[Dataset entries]

---*---

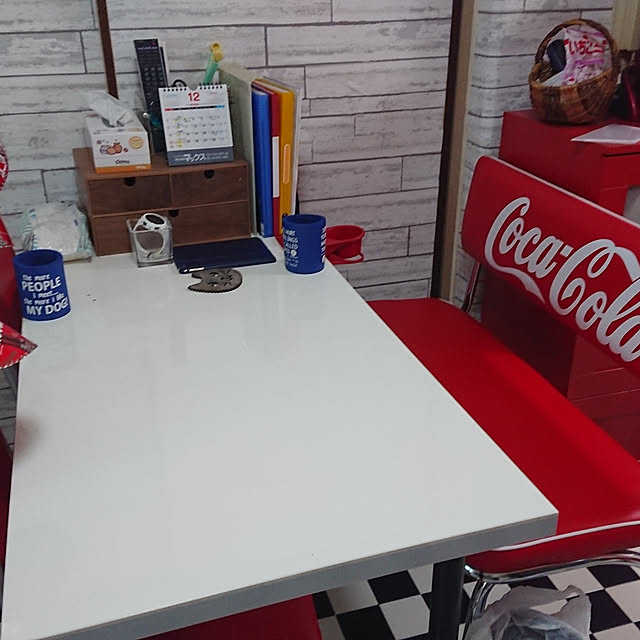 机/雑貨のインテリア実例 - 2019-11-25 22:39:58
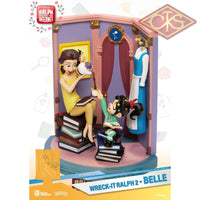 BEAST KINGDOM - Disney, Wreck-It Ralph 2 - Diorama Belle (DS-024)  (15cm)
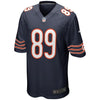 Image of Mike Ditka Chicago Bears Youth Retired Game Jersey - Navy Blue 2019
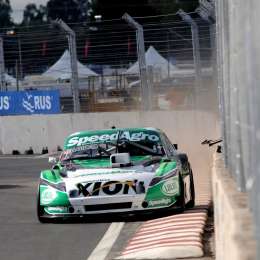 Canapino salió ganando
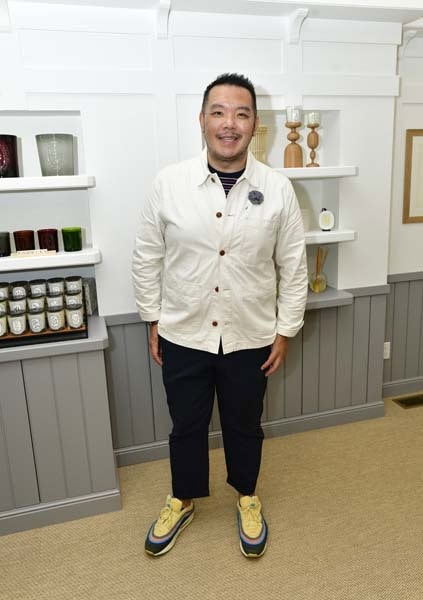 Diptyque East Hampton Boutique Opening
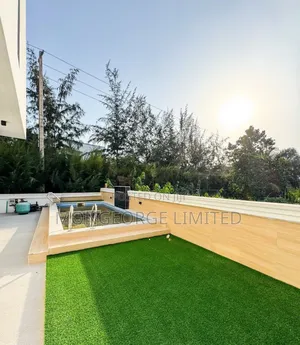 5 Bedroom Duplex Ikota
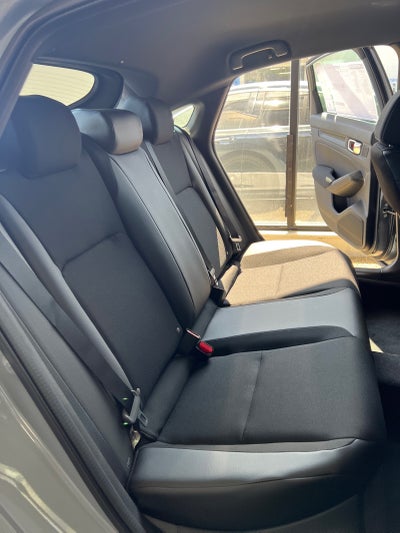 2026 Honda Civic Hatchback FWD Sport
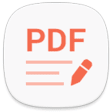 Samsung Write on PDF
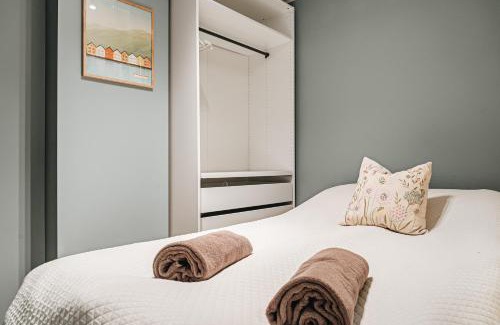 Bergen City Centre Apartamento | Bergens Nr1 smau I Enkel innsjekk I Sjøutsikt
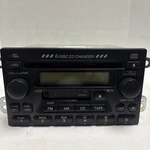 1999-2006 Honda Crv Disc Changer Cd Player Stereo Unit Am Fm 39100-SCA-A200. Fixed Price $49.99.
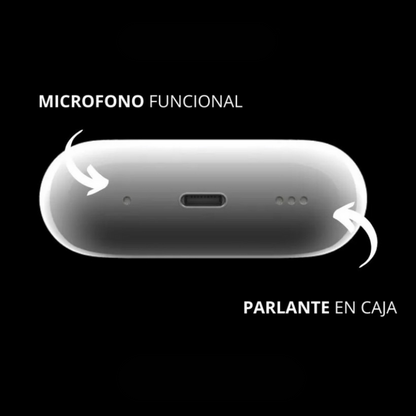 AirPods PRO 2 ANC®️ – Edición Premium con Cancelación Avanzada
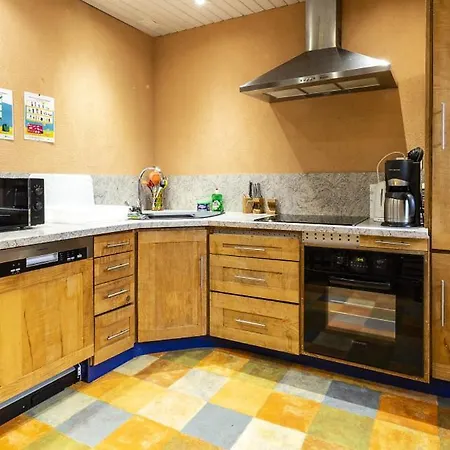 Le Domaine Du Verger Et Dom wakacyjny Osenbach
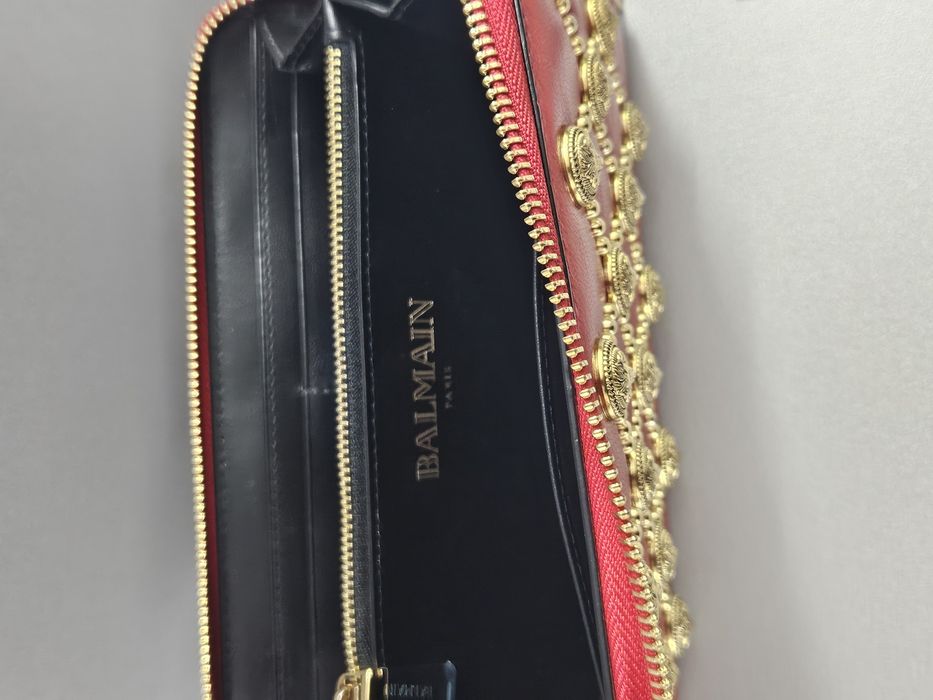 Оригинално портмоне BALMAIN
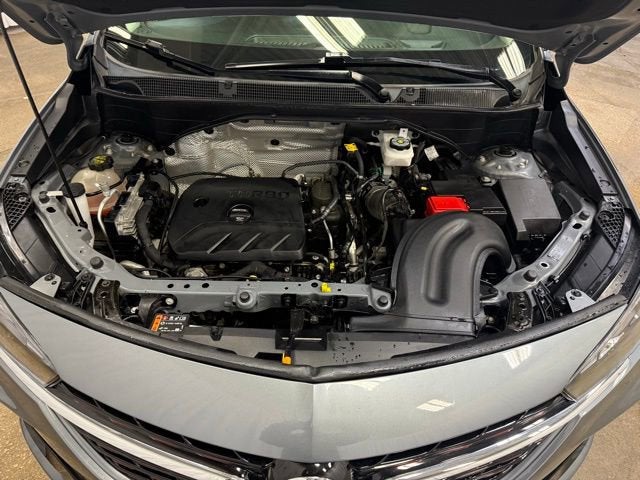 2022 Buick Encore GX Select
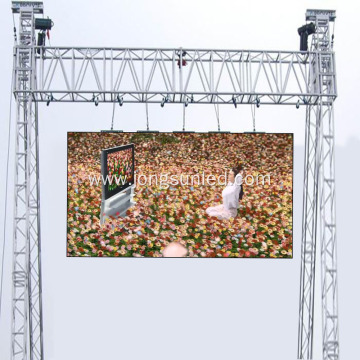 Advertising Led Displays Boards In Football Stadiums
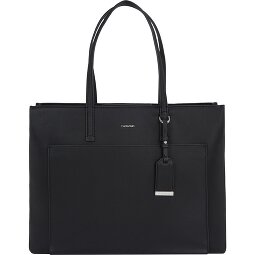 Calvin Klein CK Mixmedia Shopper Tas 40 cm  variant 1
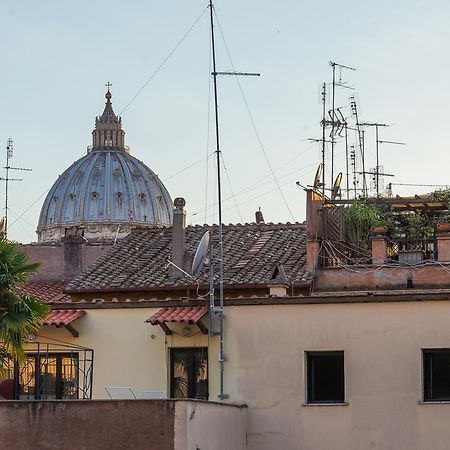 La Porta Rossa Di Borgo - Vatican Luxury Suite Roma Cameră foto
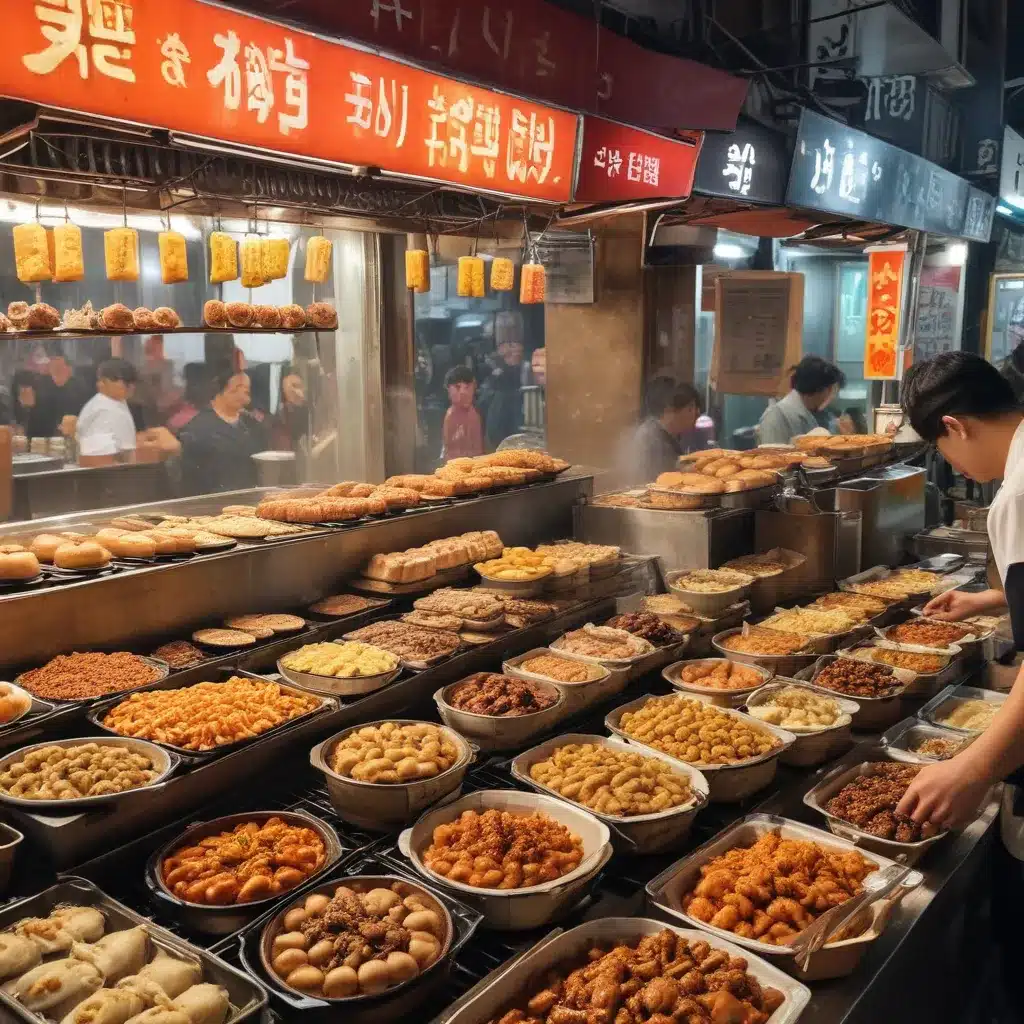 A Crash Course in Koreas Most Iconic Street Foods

---*---

### Problem description
Every entry above needs to be printed again exactly, with its pictures left out.

### Solution to the exercise
 机/雑貨のインテリア実例 - 2019-11-25 22:39:58
 BEAST KINGDOM - Disney, Wreck-It Ralph 2 - Diorama Belle (DS-024)  (15cm)
 Image of Mike Ditka Chicago Bears Youth Retired Game Jersey - Navy Blue 2019
 Canapino salió ganando
 Diptyque East Hampton Boutique Opening
 5 Bedroom Duplex Ikota
 2026 Honda Civic Hatchback FWD Sport
 Samsung Write on PDF
 Bergen City Centre Apartamento | Bergens Nr1 smau I Enkel innsjekk I Sjøutsikt
 1999-2006 Honda Crv Disc Changer Cd Player Stereo Unit Am Fm 39100-SCA-A200. Fixed Price $49.99.
 AirPods PRO 2 ANC®️ – Edición Premium con Cancelación Avanzada
 Le Domaine Du Verger Et Dom wakacyjny Osenbach
 Оригинално портмоне BALMAIN
 2022 Buick Encore GX Select
 Advertising Led Displays Boards In Football Stadiums
 Calvin Klein CK Mixmedia Shopper Tas 40 cm  variant 1
 La Porta Rossa Di Borgo - Vatican Luxury Suite Roma Cameră foto
 A Crash Course in Koreas Most Iconic Street Foods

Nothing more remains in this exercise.